(Beginning of MATERIAL FOR THIS EXERCISE)

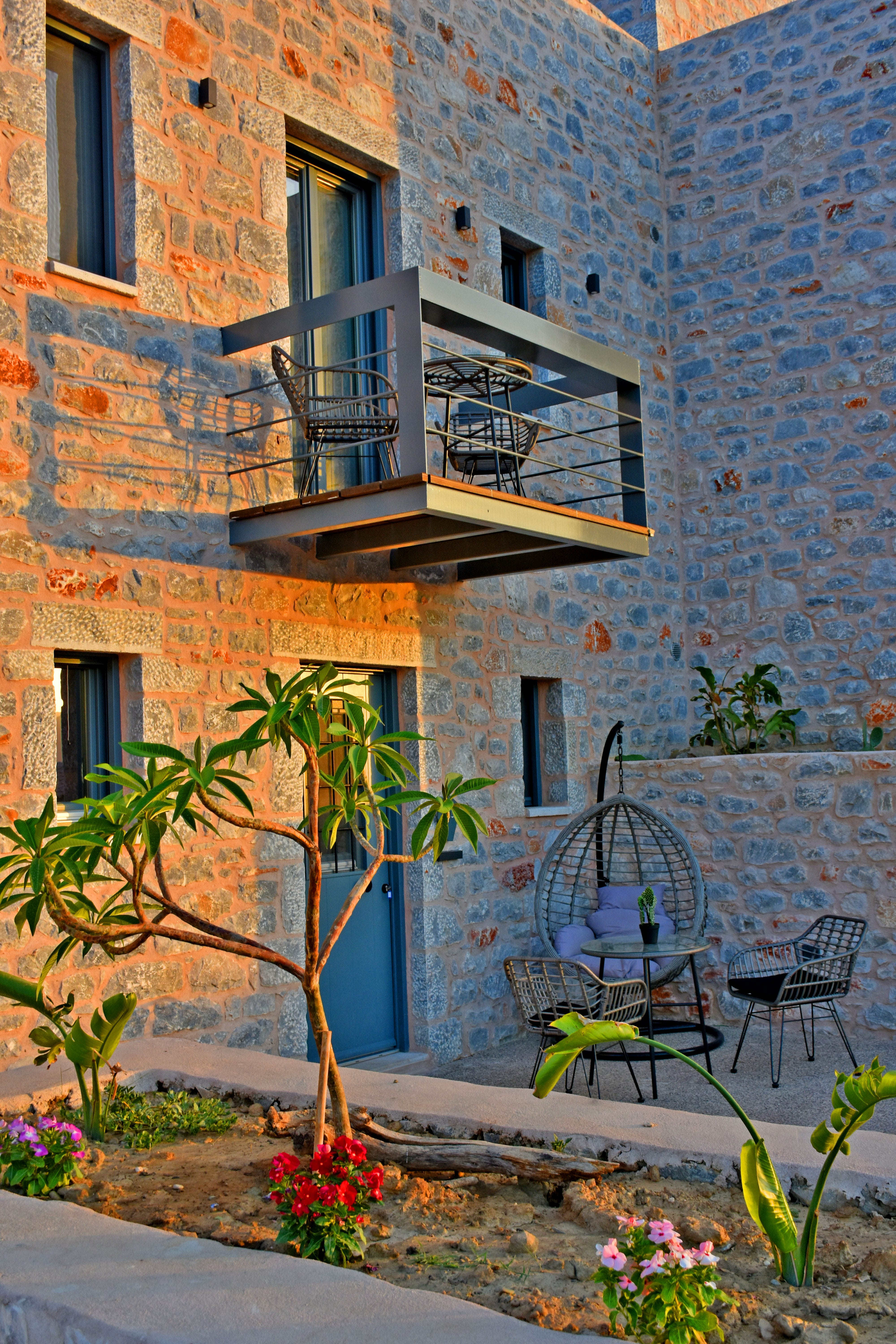 a balcony with a table and chairs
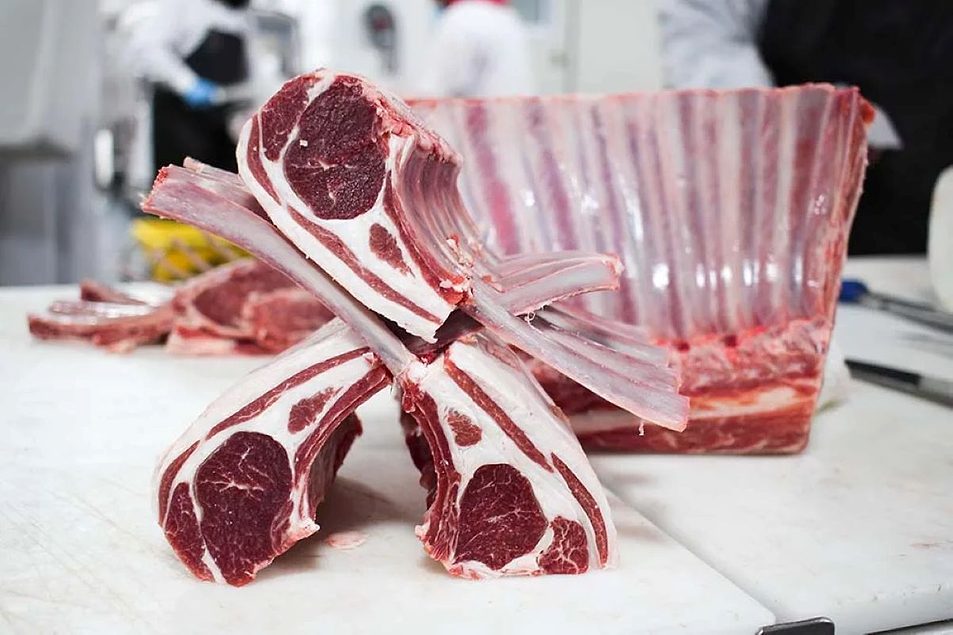 Precisely cut lamb chops arranged on a butcher block inside a Cream Co. facility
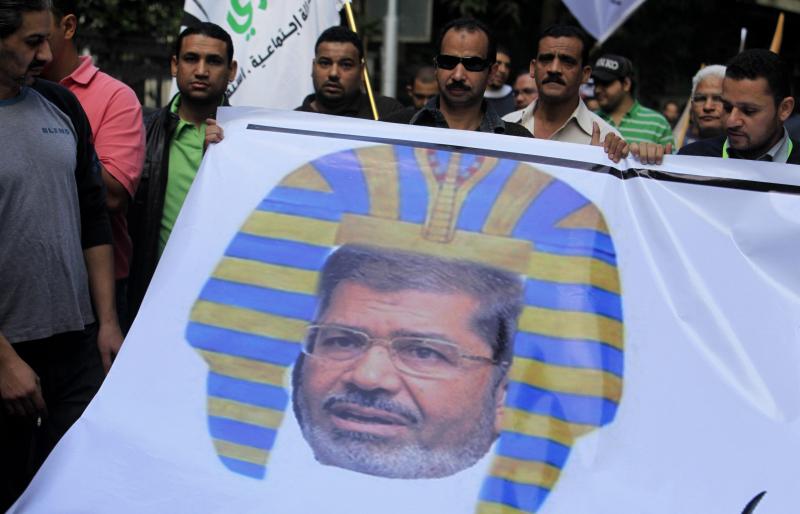 Egyptian protesters hold a banner depicting Morsi as a pharaoh, during a rally expressing opposition to Morsi's decrees, in Cairo, on Nov. 23. Egyptian protesters hold a banner depicting Morsi as a pharaoh, during a rally expressing opposition to Morsi's decrees, in Cairo, on Nov. 23.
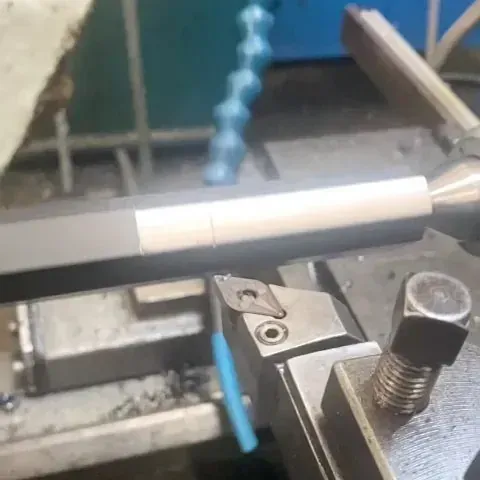 Una máquina está cortando un trozo de metal en un torno.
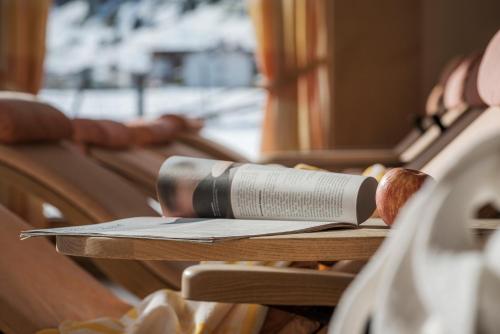 a book sitting on top of a wooden table at Hotel Kirchlerhof in Tux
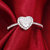 鸣钻国际心形钻戒女 白金求婚钻石戒指 桃心钻石结婚情侣戒指女第4张高清大图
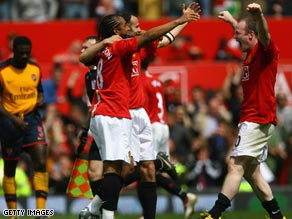 United players celebrate after securing the draw that gave them a third successive Premier League title.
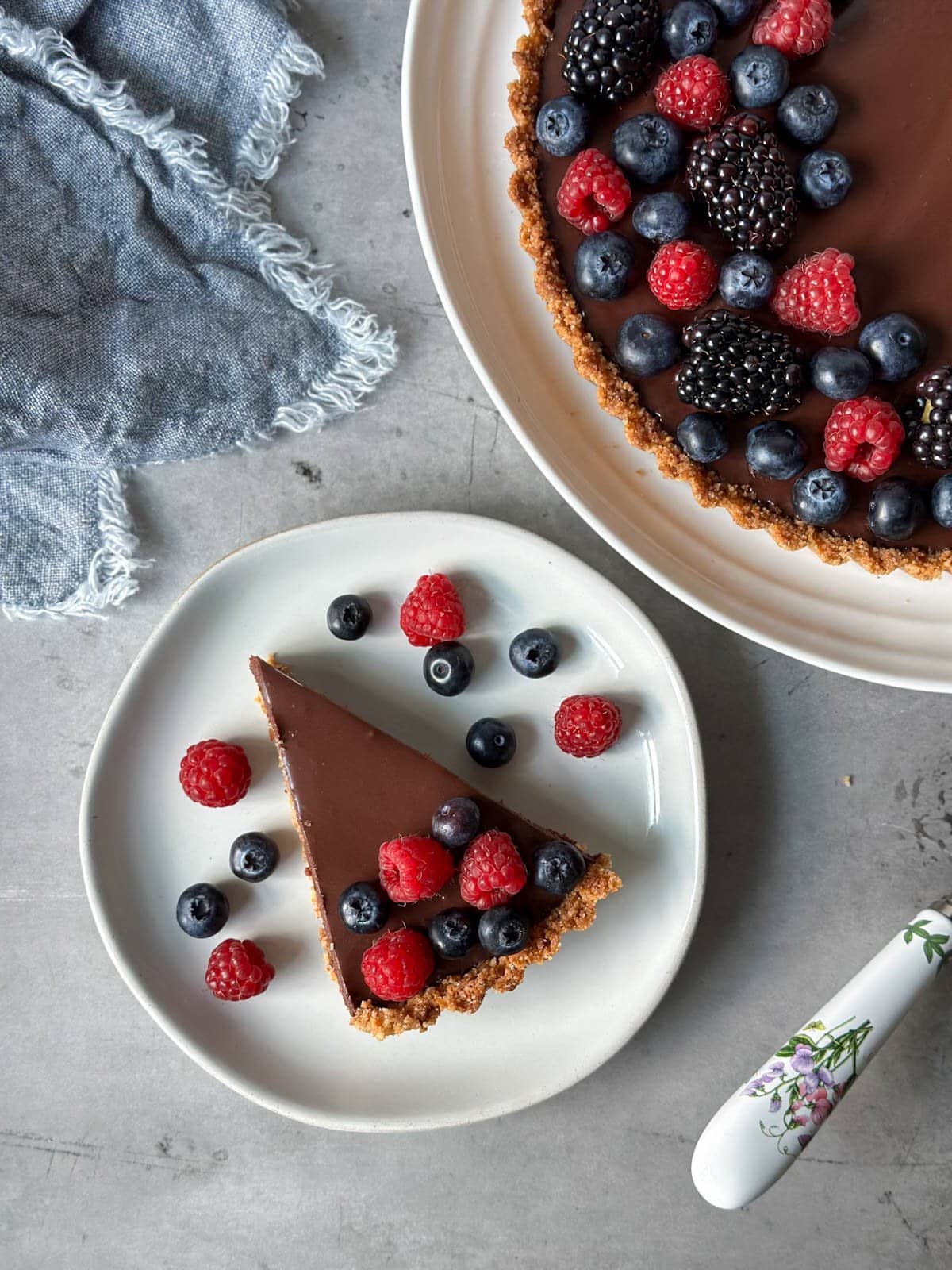 A small ceramic plate has a slice of a chocolate tart, it is covered in fresh raspberries and blueberries. Nearby is a large platter that contains the rest of the chocolate tart.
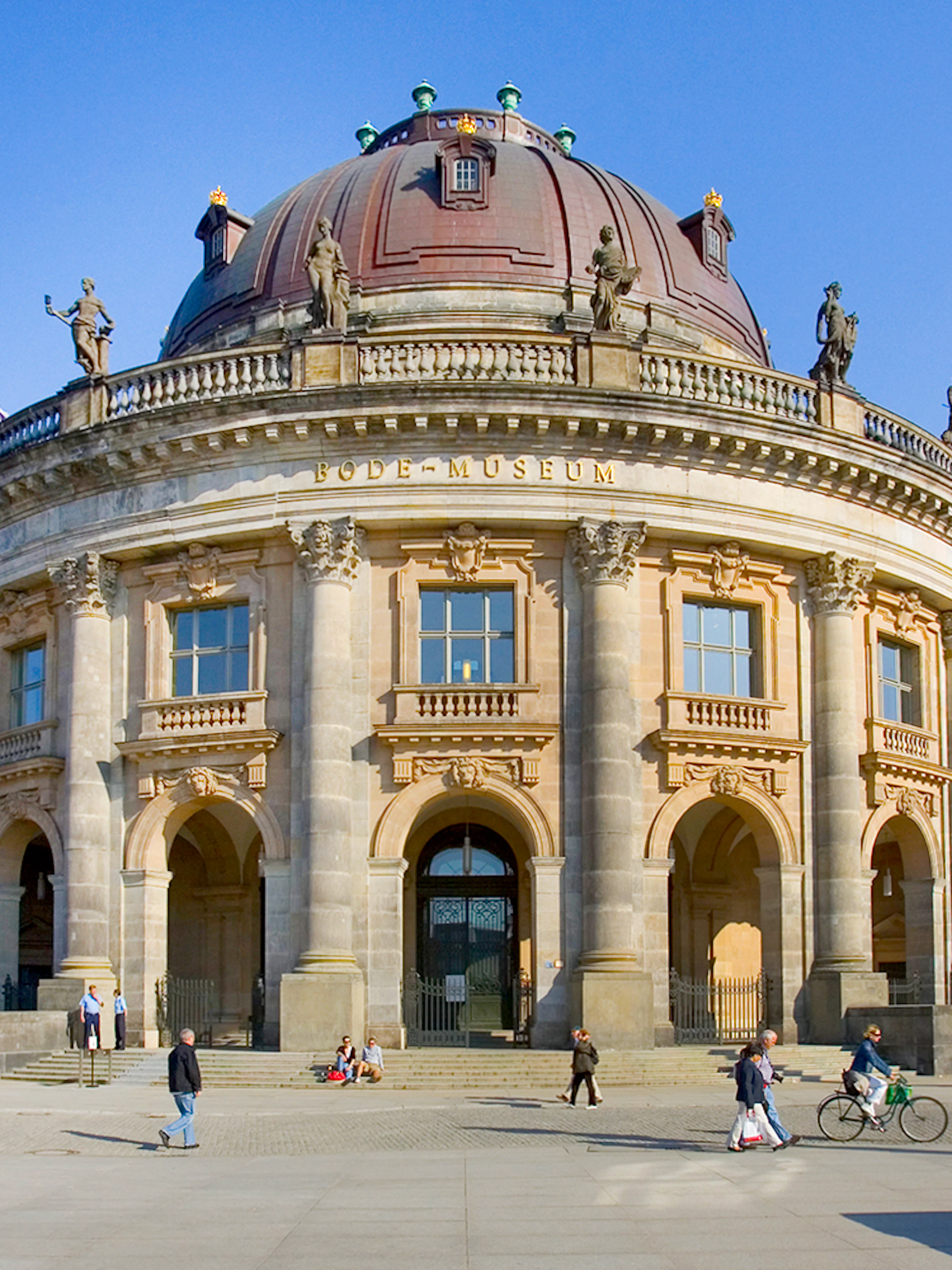 Bode Museum in Berlin with visitors walking and cycling nearby.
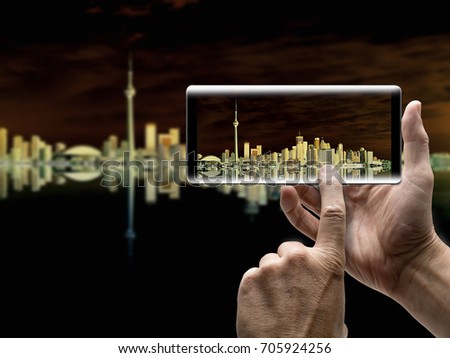 Two hands holding a mobile Smartphone and take a picture of Beautiful Toronto Cityscape with Water Reflection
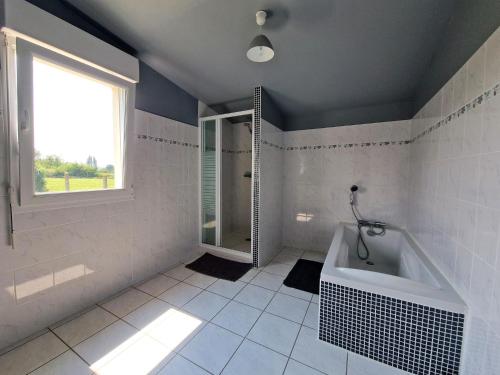 La salle de bains blanche est pourvue d'une baignoire et d'une fenêtre. dans l'établissement Holiday Home near Cap Frehel Emerald Coast, à Plévenon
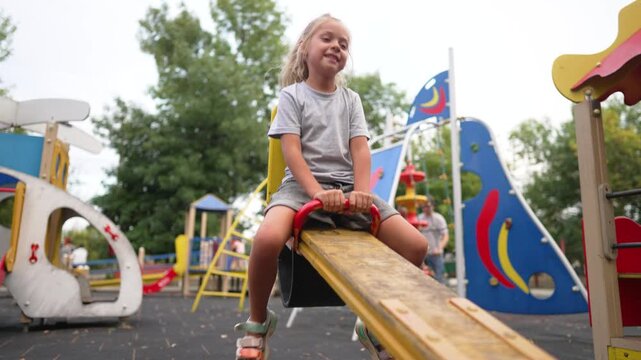 Happy girl rides seesaw at outdoor playground. Child laughs and smiles on teeter-totter in park. Girl enjoys playground fun with colorful equipment. Joyful child plays on seesaw outdoors.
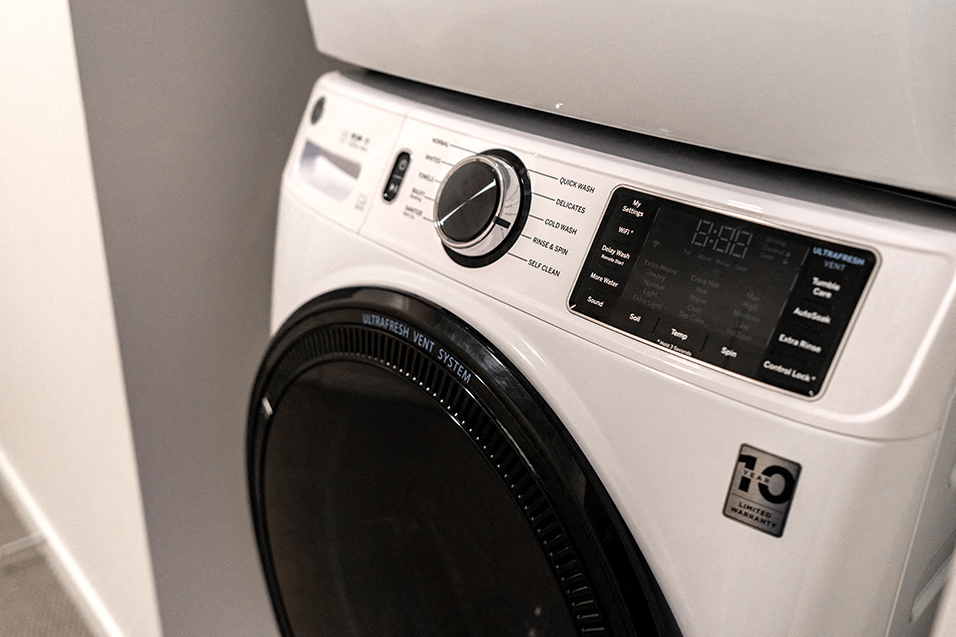 modern, white laundry washing machine with black door and knobs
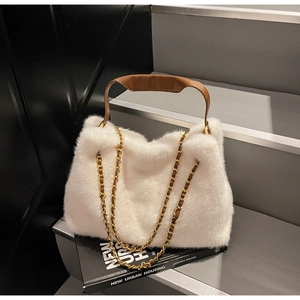 Detail of white plush faux fur handbag with brown leather handle and gold chain strap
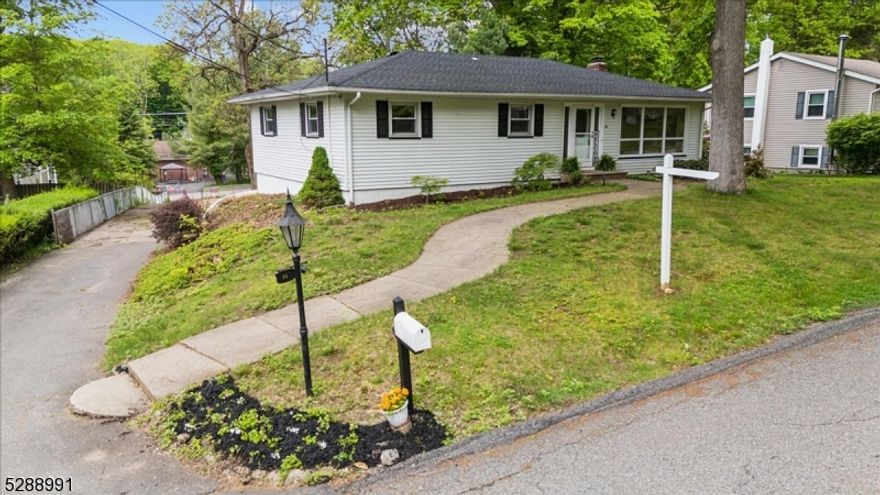 Welcome to the lake! Move right into this bright & sunny renovated ranch with a fully finished walkout basement and massive backyard in Prospect Point, Lake Hopatcong. This ranch home truly has it all! NEW Septic, NEW central AC, NEW roof, recessed lighting, ceiling fans & curb appeal on a dead-end street. The main floor has a sun-filled living room with large floor-to-ceiling windows, an updated kitchen, dedicated dining room with sliders to a large back deck, completely one-floor living with 3 bedrooms and 1 full bath. The finished basement adds even more living space with a spacious family room, den/study area, another full bath, laundry room, bar, fireplace & sliders to the back patio!  Completing this floor is a huge oversized 2-car garage, it's the full depth of the house so it's perfect for a workshop + 2 cars. This home also has a large fenced yard with a long driveway that extends to N New York Ave, and ample off-street parking (a rare find in the lake community). Easy access to Route 15, close to multiple stores, restaurants including 8 waterfront, shopping, train to NYC, Route 80, top-rated schools & marinas, allowing you to dock a boat. Enjoy all the conveniences of urban living in a lake-like setting year-round at New Jersey's largest freshwater lake offering residents & visitors outstanding boating, sailing, kayaking, swimming, fishing, water sports & more! Bonus, you can join the Capp Beach Club for even more summer enjoyment!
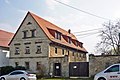 Residential stable house, side building, small shed and gate system of a former three-sided courtyard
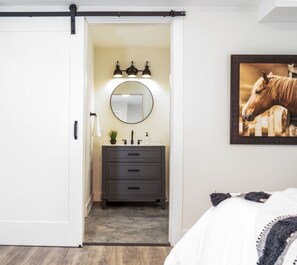 Bedroom 1 with queen bed, Smart TV, and ensuite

(End of MATERIAL FOR THIS EXERCISE)

All lines from the one containing "Residential stable house, side" through the final line of the entries above must be restated word for word, pictures excluded.

**WRITTEN REPLY**
 Residential stable house, side building, small shed and gate system of a former three-sided courtyard
 Bedroom 1 with queen bed, Smart TV, and ensuite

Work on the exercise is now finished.